Byers helped anchor an offensive line that allowed two sacks on quarterback Cam Newton, and Newton praised the reserve center for his ability to make the right protection calls.
“So much is put on his plate, and for a person to step right in and play starting center in this league, especially with this philosophy that we have on the offensive side of the ball, it’s a lot on a person,” Newton said.
Byers said if Hangartner is ready to go on Saturday, he should start.
FIRST LOOK: The Panthers signed Hayworth Hicks on Tuesday after putting guard Zack Williams on the injured reserve with a torn ACL. Hicks, an undrafted free agent out of Iowa State, was most recently with Tampa Bay.
“He’s a stout, physical offensive lineman. Good size. Very powerful at the point of attack,” Rivera said. “He kept slipping a little bit and I think that had a lot to do with his shoes but when he was able to anchor and really get a good base, you could see his power.”
OAKLAND TIME: Oakland’s visit to Bank of America Stadium on Sunday will be the Raiders’ fifth time to the Eastern Time Zone this season.
The Raiders are 0-4 in those games (Miami, Atlanta, Baltimore and Cincinnati), and 4-10 overall.
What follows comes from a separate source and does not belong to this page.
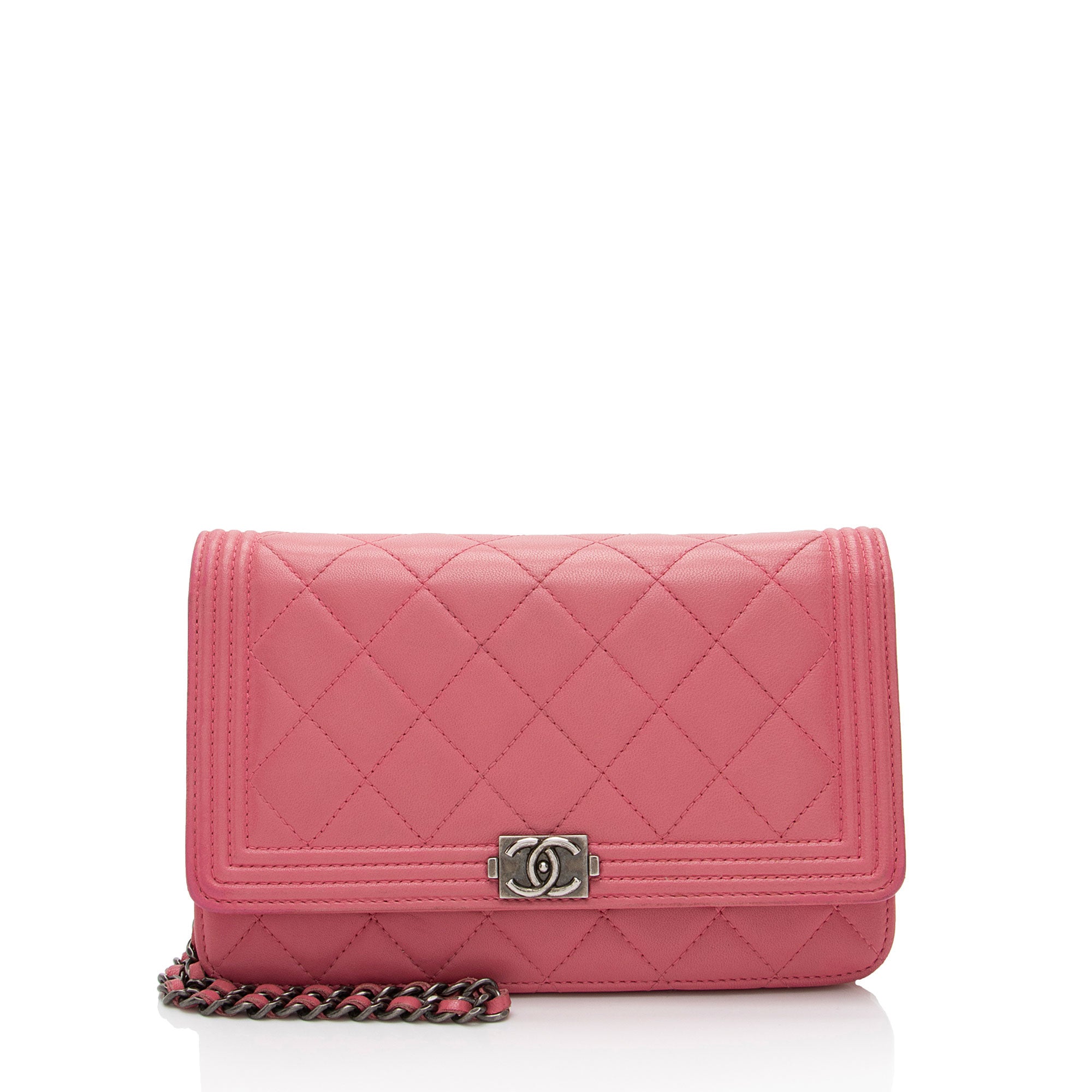 Chanel Lambskin Boy Wallet on Chain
By the end of the season, Oakland will have flown a league-high 28,962 miles, enough to take them around the globe and then some.
The Raiders will get to Charlotte on Friday night.
“It’s obviously a challenge I think, especially playing the early game, which is 10 a.m. out here on the West Coast,” Oakland head coach Dennis Allen said. “It’s one of those challenges that you face and this just happens to be one of those years.”